Loving essentially means to take somebody else – a partner, a coworker, a child – as part of yourself, taking its needs, interests, boundaries, desires and wishes in, unconditionally, and processing them through your system as if they were your own. It is natural for humans to do that, if it weren’t for the upbringing, that nearly hundred percent of us experience as children, that completely messes with that process.
For us average western digital individualized people, loving unravels in three stages.
Like most things, it starts in the head. The intellectual love is the easiest for most of us. You decide to love somebody. This goes beyond fluffy feelings, butterflies and compulsive behavior. Love is not an instinct, it is a decision. You decide to take responsibility for more than just yourself, you take another person’s needs and best interests closer to you and you say ‘I love you’. For most of us, sadly, this is as deep as it gets. You basically have the conscious part of you – the tip of the iceberg – working towards love, and your unconscious – the 99% of who you are – probably working against the good intensions. This is why all relationships start beautifully and end soon, suddenly and painfully and nobody feels in control of what is happening.

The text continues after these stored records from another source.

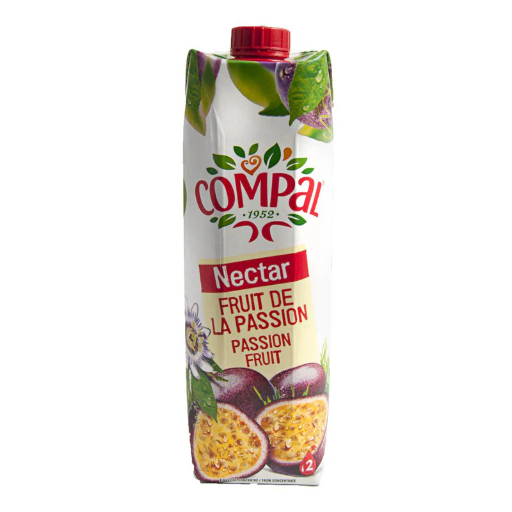 Compal jus passion 1L pack (12x1L)
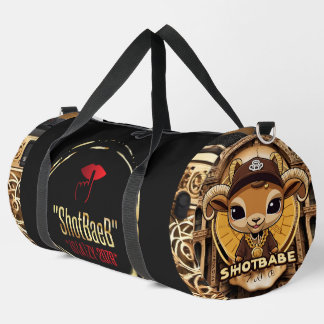 "Beat$AndBull$hit"Duffel Bag, Plunjezak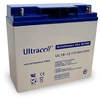 Akumuliatorius Ultracell UL18-12 (18 Ah, 12V)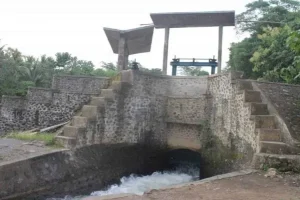 bendungan bettu bulukumba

Stage two happens for a few of us, those who do the work needed to uncover emotional trauma that has become so standard in our society. Those who recognize that a human being has an emotional body and that emotional body has needs and hungers that can only be fulfilled by another human being that recognizes the same. For those of us lucky to have the opportunity to heal our hearts and to learn how to work emotions through our system – we become ’emotionally available’. Lots of unconsciously inherited conditions get untied and the love sinks from the head into the heart. We are capable of not only saying that we love somebody. We actually FEEL the impact of that decision: tears of joy, deep gratitude, an expansion in the chest saying ‘I am MOVED by this human being.’

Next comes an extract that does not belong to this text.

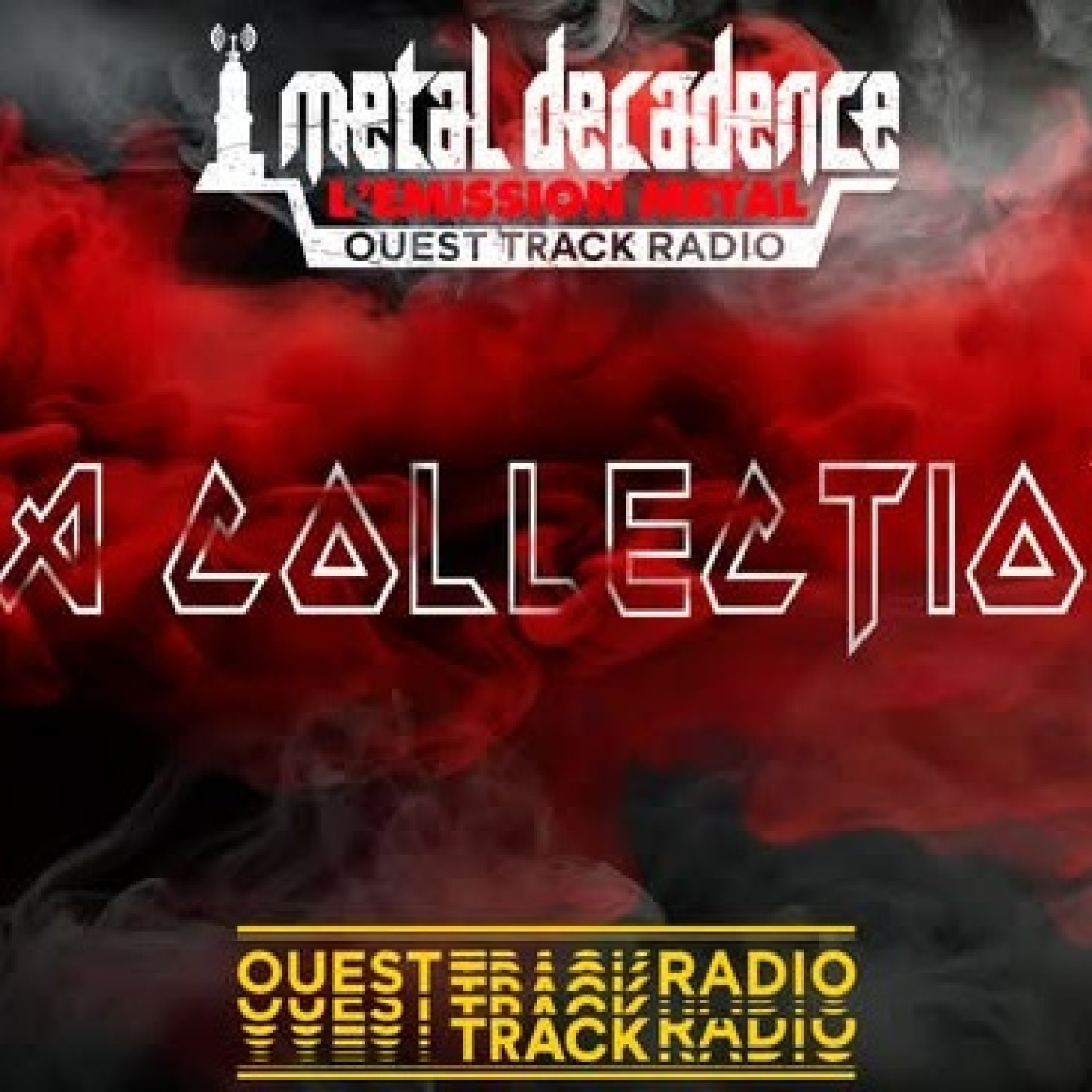 Metal Decadence - 04 juin 2026 - La Collection Tremplin de l'Apocalyspe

Being on that journey there comes a stage where this is not enough either. You begin to realize that even getting ‘out of the head’ and ‘into the heart’ is not the end of the story. You realize that your physical body is not just a vehicle, but that it has a curious intelligence of its own, one that functions in a completely different fashion than the intellect or the heart. You starve for embodiment and awaken the dragon. At this point, you get in touch with even more demons, do even more healing, deeper healing, weird healing that is hard to talk about, hard to grasp and put in words. But it frees your connection to your desires – not just the shallow ones, the real ones, the big and juicy ones, those that make you shiver, shake, tremble, shout and fight and run for your life. At this point, you meet your CORE and realize that you do not need permission to love.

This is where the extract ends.